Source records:
────

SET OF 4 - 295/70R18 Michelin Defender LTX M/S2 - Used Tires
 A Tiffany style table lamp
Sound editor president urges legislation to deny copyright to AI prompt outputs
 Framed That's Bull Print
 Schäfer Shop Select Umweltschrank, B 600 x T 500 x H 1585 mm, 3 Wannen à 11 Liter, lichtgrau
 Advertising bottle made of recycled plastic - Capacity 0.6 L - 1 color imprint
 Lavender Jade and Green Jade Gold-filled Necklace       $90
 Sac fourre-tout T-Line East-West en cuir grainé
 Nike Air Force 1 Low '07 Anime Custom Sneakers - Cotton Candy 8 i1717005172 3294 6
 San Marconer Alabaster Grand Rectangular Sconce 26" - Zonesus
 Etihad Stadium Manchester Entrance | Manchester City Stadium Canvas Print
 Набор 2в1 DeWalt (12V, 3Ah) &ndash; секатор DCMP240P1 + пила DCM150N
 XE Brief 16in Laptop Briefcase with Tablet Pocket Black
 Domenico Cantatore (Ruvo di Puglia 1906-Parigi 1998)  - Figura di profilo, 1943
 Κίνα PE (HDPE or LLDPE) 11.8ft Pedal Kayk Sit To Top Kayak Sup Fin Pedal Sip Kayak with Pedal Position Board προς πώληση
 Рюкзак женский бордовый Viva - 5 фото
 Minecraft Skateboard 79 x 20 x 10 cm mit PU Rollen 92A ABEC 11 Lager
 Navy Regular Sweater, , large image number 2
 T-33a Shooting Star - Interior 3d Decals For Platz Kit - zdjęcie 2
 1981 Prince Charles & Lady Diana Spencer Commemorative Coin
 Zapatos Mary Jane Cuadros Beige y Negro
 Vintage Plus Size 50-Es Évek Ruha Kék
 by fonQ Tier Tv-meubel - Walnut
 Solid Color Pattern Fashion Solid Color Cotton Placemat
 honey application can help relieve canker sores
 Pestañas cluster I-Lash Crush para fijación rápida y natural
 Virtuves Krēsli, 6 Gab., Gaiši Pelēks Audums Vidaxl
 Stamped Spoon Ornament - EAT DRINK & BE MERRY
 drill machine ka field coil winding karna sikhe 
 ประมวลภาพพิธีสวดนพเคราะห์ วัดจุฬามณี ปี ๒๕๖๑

────

#### [YOUR OBJECTIVE]
If a line in the records above contains the string "with", copy that line out.

#### [ANSWER BOX]
 XE Brief 16in Laptop Briefcase with Tablet Pocket Black
 Κίνα PE (HDPE or LLDPE) 11.8ft Pedal Kayk Sit To Top Kayak Sup Fin Pedal Sip Kayak with Pedal Position Board προς πώληση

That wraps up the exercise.